First Funding in Los Angeles
Angel investors invest in early-stage startups or entrepreneurs, and generally provide only a one-time investment to help the business grow. They generally provide more favorable terms compared to other types of investors, since they usually invest in the entrepreneur starting the business, rather than the viability of the business, and are more focused on helping startups take their first steps instead of receiving possible profit they may get from the business. Angel investors sometimes go by other names, including “informal investors”, “angel funders”, “private investors”, “seed investors”, and “business angels”.

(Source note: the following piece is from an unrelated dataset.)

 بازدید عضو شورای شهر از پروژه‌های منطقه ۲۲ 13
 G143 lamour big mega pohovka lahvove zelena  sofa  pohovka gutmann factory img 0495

Angel Investor Groups in Los Angeles
Angel investor groups are networks, or syndicates, of investors who pool their resources together to invest in new companies. Most angel networks focus their efforts on members in which members have experience or knowledge, although they are usually open to investments in other areas. In general, investors in groups contribute funds to the group, and a professional syndicate management team chooses the investments.
Growth Stage Funding
Venture Capital Firms in Los Angeles
Venture capital firms firm provide startup or growth equity capital and/or loan capital to promising ventures for returns that are higher than market interest rates, and typically focus on later stage companies. VC firms generally only invest in companies that have long-term growth potential, like considerable traction, a strong team, and a viable product or service. Because of these high standards, less than .1% of businesses are funded by venture capital.